08-16-2016 04:53 PM
I am curretly trying a setup a SubVI which can be activated and deactivated using a boolean value. The subVI is capable of toggling on/off with its own switch, though external values do not appear to help.
I am ultimately trying to automate the subVI such that every hour it will run for 1 minute and then wait until the next hour again and have been trying to keep that in mind with the design.
I've attached a photo of my current setup with the computer image representing my current VI (lower) and subVI (upper). Any help would be appreciated. Thank you.
08-16-2016 04:58 PM
Did you try a Case Structure?
08-16-2016 11:26 PM - edited 08-16-2016 11:27 PM
Just use State Machine Architecture with states for Polling Time and executing Sub VI,
In the Polling state check for Elapsed time whether 1 hour is reached, if reached transverse to Executing sub VI State and again start polling for Time
08-16-2016 11:43 PM
Try this VI may help you to solve your requirement
08-17-2016 12:13 PM
Thank you, I will look into this
08-17-2016 02:28 PM
What would the secondary case structure for executing the VI look like? I am able to cycle to the execute function, however it won't cycle back to the wait period proeprly.
08-17-2016 02:40 PM
08-17-2016 04:47 PM
I am struggling to understand how to properly hold it in an on state for more than a second. Everything else appears to function just fine using the timers and picture above.
08-17-2016 05:10 PM
Although I often dislike Express VIs, the Elapsed Time VI has really won me over. In its simplest form, it has two inputs that matter to you -- the Time Target (number of seconds until the Time has Elapsed output becomes True) and Auto Reset, which makes it automatically start over. Oh, there's one other input you should leave unwired, called Set Start Time -- if left at its default value of 0, it starts everything running from the first time you call the function.
To illustrate, here is a "Blinker" that flashes the Time has Elapsed indicator once every 2 seconds (you'd wire your "Do This Code every N seconds" routine to the True case of a Case Statement driven by this indicator, with the False case being empty). This entire loop runs 10 times a second, which means that it is pretty responsive to outside control (such as pushing the Stop button) -- if you need "faster" response, you can shorten the wait time. You probably don't need to worry about lengthening it, as I'm guesstimating that the Elapsed Time routine will only add sub-microseconds of "wasted" processing, so why not have a reasonable response time?

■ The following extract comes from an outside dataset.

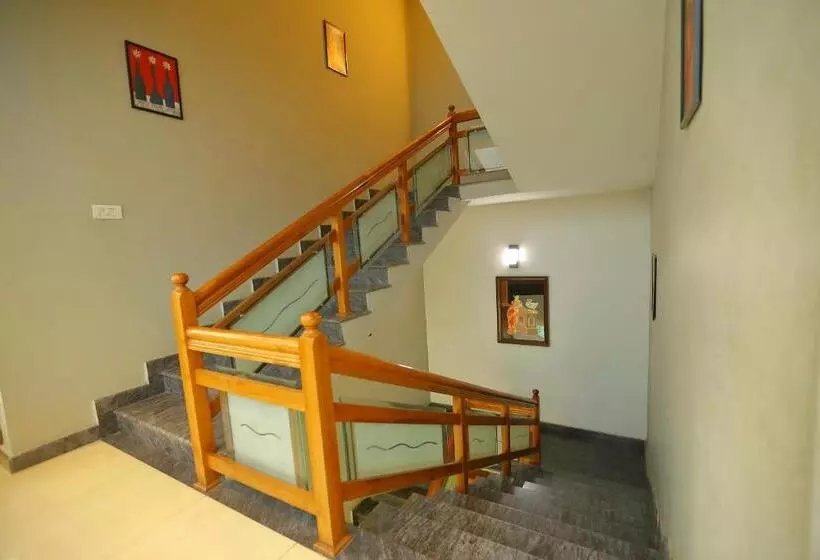 Hotelli Sapphire Inn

By the way, if you are wondering where the nice Icon came from, I right-clicked the Express VI and chose "View as Icon".
Bob Schor
P.S. -- out of curiosity, I removed the Time has Elapsed indicator and the Wait function, then ran the loop "as fast as possible" for about 10 seconds in order to measure the "raw" loop time. I "guesstimated" it was sub-microsecond -- wrong, it was about 10 microseconds. Still, 10 microseconds every 100 milliseconds means that this Elapsed Time function occupies 0.01% of the loop time, pretty good in my book ...
08-18-2016 12:30 AM
@Vorfall wrote:I am struggling to understand how to properly hold it in an on state for more than a second. Everything else appears to function just fine using the timers and picture above.
I have attached the snippet in my above post, if you are having LV2015 you can able to access as a VI where you will get proper direction.